• [Exercise brief]
Your reply should consist only of the lines from the one holding "True Vintage Henry" to the last line of the data below, written out exactly and without pictures.
Start of Given data
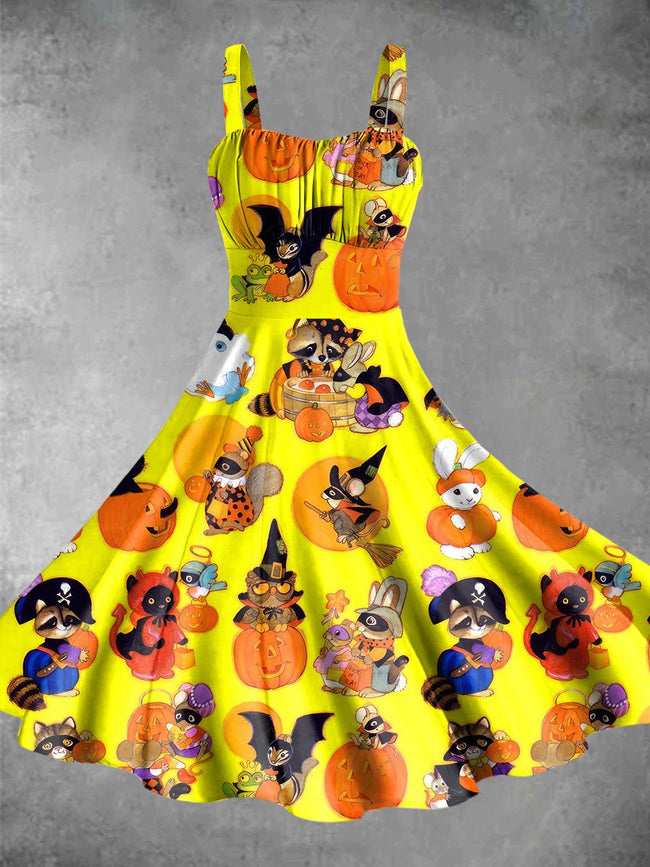 Vintage Raccoon Halloween Print Backless Dress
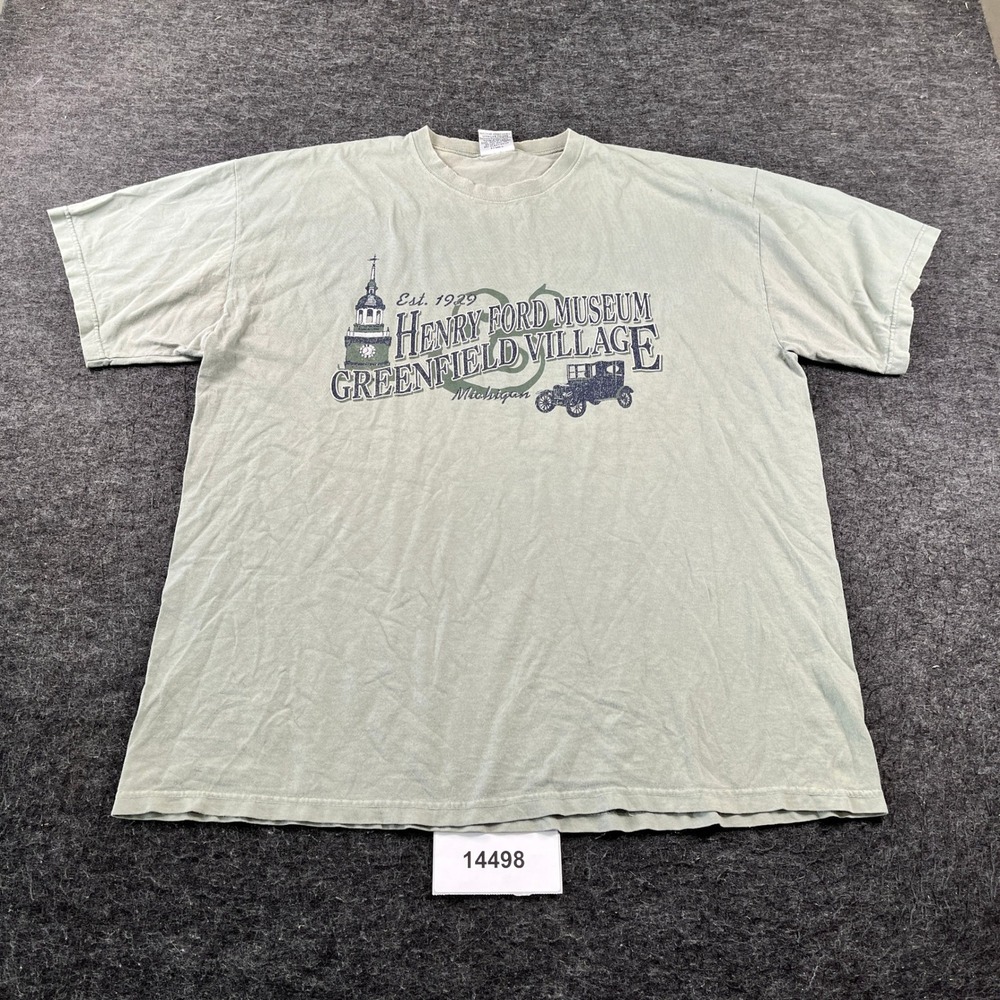 True Vintage Henry Ford Museum Men XL Green Cotton Made in USA
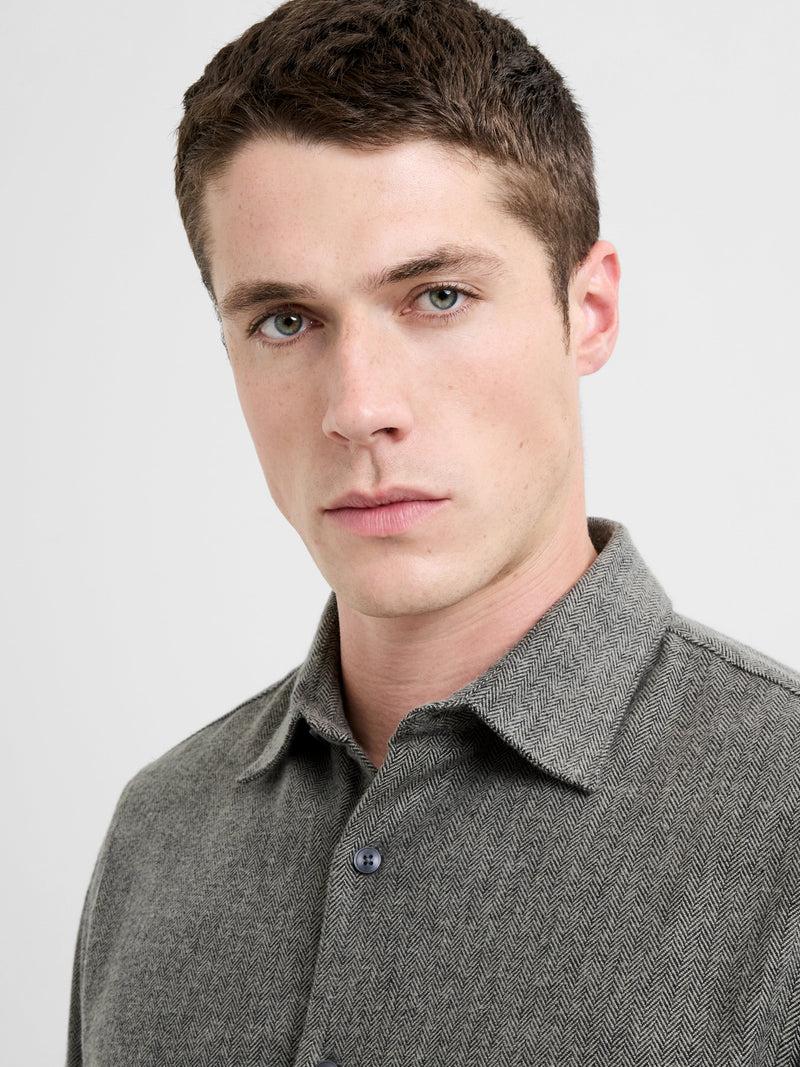 French Connection Herringbone Long Sleeve Regular Fit Shirt Grey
End of Given data
• [Output for this exercise]
 True Vintage Henry Ford Museum Men XL Green Cotton Made in USA
 French Connection Herringbone Long Sleeve Regular Fit Shirt Grey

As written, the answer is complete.